-- Activity --
Once the line containing "applying compost to" is located in the records below, repeat it and all lines that follow it exactly, leaving out any picture.

-- Input material --

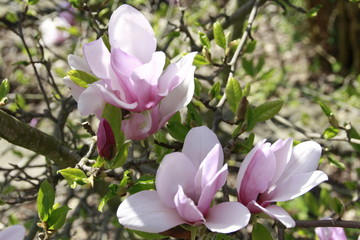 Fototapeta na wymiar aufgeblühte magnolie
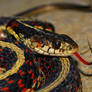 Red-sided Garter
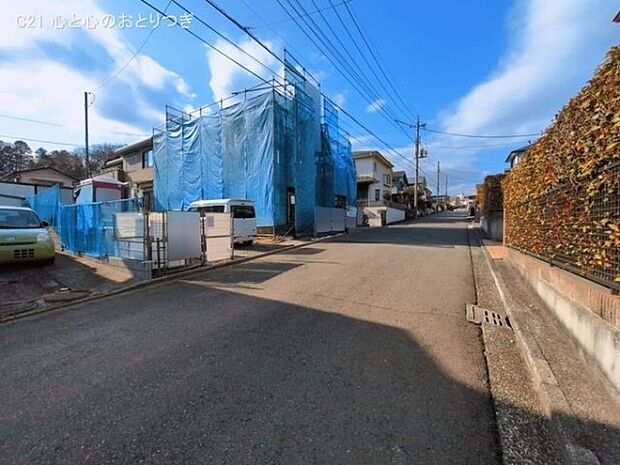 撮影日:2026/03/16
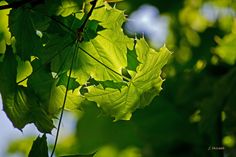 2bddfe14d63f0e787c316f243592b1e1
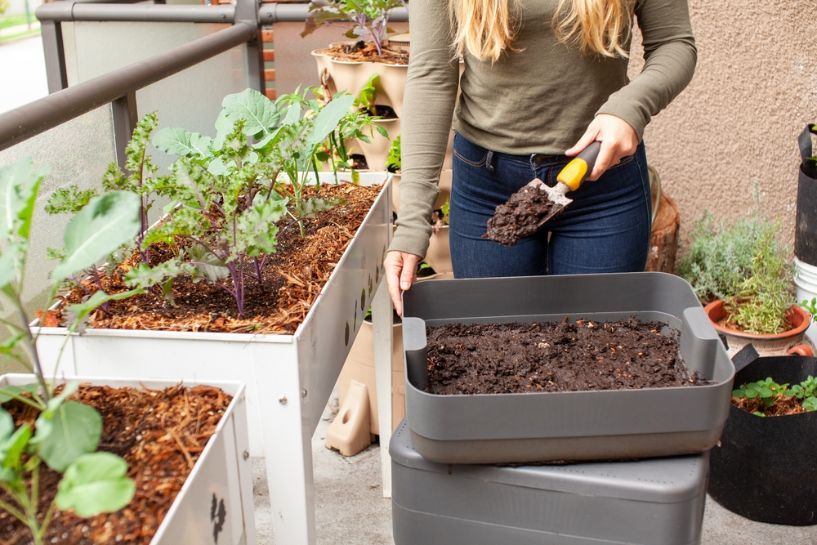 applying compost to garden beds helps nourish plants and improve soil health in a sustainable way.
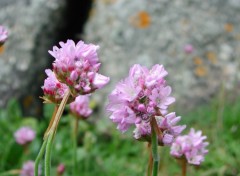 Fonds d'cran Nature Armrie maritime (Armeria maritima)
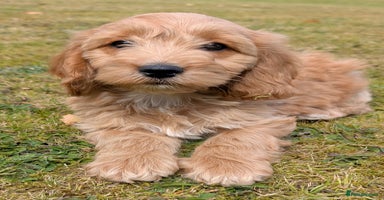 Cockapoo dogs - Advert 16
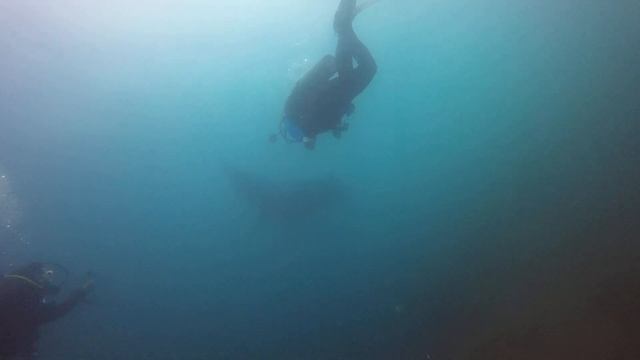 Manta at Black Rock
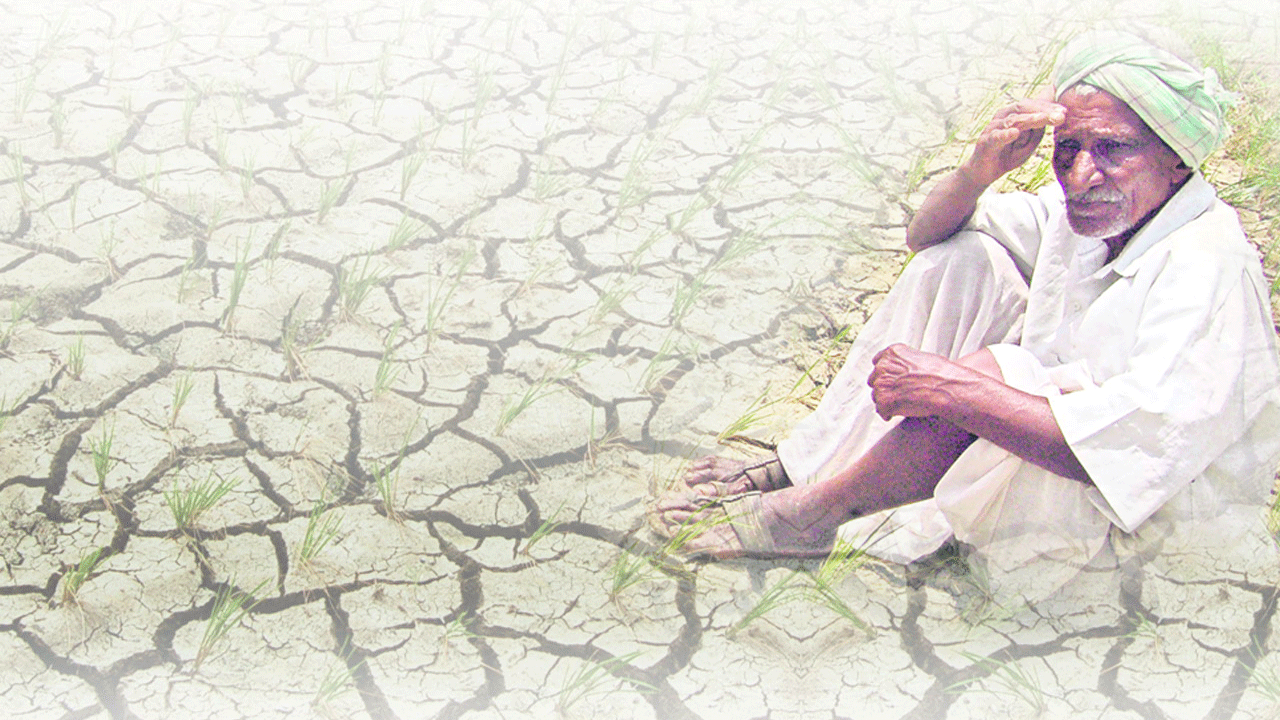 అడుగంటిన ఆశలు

-- Result of this task --
 applying compost to garden beds helps nourish plants and improve soil health in a sustainable way.
 Fonds d'cran Nature Armrie maritime (Armeria maritima)
 Cockapoo dogs - Advert 16
 Manta at Black Rock
 అడుగంటిన ఆశలు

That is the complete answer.